I met my ex because of our writing, and it was through two of our original characters that we first fell in love. For months we stoked the flames of our romance by co-writing a novel, making up for the long distance by building a world of fantasy where we’d get lost every night after the kids fell asleep. We were over 150,000 words into a first draft filled with witches and pirates and whores and priests. I poured so much of myself into that story, the best parts of my creativity. Now all of it is gone. All that hard work was for nothing.
That story will never be written.
I had a vivid dream the other night. After weeks of not thinking much at all about my ex-girlfriend, I dreamt about our characters. Awoken by hungry children, I rose out of bed reluctantly, my back stiff as I pulled fuzzy socks on over cold toes. My mind slipped through fading memories of my sleep as I sat perched on the edge of my mattress.
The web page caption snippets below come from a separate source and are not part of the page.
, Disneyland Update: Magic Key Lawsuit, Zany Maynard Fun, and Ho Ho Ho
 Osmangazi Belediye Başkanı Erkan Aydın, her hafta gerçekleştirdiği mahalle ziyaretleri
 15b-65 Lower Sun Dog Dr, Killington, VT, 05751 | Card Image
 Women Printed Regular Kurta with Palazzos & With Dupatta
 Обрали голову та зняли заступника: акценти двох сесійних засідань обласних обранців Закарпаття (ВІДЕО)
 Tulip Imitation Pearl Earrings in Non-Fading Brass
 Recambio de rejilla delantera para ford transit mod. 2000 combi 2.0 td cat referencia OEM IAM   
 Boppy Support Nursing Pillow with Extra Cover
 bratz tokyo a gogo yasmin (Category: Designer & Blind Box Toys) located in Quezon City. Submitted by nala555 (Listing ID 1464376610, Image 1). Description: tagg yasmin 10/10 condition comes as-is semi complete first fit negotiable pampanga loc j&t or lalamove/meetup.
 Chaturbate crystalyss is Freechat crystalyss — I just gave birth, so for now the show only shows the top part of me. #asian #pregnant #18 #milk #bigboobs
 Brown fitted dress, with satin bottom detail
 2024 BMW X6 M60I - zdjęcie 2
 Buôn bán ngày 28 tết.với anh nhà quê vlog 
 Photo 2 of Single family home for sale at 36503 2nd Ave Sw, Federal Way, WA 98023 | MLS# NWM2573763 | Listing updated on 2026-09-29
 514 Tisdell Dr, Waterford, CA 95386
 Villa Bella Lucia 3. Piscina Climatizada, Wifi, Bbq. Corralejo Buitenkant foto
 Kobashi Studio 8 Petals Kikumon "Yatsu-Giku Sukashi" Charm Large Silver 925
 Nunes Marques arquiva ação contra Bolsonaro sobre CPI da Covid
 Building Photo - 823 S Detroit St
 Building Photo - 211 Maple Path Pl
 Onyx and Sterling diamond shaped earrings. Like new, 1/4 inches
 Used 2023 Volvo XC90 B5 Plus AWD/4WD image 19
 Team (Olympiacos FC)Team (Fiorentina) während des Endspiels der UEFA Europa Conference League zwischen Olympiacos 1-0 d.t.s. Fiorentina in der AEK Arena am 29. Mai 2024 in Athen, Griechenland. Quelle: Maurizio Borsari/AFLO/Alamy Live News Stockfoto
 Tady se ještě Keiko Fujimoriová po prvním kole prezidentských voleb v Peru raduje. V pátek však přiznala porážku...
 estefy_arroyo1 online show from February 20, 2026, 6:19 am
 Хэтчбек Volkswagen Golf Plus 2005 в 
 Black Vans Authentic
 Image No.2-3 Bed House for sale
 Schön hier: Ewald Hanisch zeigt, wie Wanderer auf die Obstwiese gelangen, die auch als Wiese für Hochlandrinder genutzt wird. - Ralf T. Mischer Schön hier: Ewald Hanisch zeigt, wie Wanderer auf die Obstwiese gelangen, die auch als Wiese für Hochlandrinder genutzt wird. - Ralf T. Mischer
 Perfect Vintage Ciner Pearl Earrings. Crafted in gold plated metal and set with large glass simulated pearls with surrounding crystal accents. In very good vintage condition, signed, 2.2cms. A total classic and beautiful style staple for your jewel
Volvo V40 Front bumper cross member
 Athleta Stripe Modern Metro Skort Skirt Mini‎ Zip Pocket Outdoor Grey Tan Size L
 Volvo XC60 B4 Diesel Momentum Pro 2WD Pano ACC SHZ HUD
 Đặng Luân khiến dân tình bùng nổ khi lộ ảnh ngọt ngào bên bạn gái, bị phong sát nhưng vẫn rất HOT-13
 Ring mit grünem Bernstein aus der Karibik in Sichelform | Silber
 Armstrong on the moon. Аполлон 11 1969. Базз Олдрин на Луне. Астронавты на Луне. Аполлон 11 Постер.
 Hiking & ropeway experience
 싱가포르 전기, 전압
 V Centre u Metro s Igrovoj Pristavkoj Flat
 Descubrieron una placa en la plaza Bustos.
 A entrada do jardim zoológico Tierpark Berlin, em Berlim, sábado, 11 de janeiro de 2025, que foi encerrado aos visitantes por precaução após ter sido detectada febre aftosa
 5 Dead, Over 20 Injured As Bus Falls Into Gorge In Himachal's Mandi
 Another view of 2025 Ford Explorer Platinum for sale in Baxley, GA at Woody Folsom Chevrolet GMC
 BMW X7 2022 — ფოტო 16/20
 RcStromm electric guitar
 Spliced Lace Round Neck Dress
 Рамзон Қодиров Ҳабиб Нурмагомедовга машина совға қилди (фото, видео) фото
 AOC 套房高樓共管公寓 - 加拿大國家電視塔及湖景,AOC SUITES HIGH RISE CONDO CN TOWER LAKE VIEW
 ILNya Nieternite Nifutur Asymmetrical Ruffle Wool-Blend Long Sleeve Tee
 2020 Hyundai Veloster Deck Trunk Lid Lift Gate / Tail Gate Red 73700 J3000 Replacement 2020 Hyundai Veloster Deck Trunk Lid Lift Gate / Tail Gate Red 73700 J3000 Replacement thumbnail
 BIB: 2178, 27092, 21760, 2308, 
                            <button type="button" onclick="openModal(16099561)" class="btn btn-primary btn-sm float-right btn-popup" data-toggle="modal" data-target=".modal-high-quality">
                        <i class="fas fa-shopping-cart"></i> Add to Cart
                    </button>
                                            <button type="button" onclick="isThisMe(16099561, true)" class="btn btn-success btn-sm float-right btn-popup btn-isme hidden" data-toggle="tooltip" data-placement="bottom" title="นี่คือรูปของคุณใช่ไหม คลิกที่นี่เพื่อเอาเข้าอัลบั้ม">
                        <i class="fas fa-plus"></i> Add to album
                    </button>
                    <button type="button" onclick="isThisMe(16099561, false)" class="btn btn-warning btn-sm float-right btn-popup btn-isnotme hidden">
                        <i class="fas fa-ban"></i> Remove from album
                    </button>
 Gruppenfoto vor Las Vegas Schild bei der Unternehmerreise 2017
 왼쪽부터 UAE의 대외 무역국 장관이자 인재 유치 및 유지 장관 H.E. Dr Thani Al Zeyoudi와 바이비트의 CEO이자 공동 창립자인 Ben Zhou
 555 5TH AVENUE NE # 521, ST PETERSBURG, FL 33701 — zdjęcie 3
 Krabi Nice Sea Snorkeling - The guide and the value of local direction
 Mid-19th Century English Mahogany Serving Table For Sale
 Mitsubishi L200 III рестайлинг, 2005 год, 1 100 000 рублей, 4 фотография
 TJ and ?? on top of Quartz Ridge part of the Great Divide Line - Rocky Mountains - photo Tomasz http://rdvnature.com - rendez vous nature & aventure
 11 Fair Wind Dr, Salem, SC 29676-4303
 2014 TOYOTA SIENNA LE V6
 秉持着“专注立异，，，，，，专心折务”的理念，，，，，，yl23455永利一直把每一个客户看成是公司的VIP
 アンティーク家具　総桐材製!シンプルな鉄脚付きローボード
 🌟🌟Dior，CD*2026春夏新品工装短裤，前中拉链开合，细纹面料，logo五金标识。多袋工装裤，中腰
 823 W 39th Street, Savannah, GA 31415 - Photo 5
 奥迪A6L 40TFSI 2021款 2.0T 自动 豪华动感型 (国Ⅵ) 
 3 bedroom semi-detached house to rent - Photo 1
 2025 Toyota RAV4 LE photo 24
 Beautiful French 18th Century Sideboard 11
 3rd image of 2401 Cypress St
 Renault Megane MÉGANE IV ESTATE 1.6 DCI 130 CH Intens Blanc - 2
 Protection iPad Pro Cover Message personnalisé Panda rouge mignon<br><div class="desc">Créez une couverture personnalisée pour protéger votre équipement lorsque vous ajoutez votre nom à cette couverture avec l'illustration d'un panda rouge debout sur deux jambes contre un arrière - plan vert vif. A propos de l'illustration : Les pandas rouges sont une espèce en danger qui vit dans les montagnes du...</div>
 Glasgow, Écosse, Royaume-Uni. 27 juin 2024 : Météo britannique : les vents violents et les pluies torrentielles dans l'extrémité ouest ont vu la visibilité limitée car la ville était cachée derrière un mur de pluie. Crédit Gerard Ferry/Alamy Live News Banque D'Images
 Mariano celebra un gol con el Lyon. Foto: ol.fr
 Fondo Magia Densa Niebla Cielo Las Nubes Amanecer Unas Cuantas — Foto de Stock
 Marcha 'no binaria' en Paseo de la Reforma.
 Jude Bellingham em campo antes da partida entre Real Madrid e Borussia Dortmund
But the kids would not let me be. Pulled down the hall by motherly duty, I set the kettle on for tea, and my mind kept getting snagged on our story, on those characters, who had always been so completely alive, not like fiction at all. And here they were again, pressed up against the cold window of my heart.
As I cut up an apple and stirred it together with yogurt and granola for my girls, I contemplated writing this story on my own. The hunger to finish what I started gnawed away at me, an old hunger wetted by my recent dream. It wasn’t the characters’ fault that we broke up.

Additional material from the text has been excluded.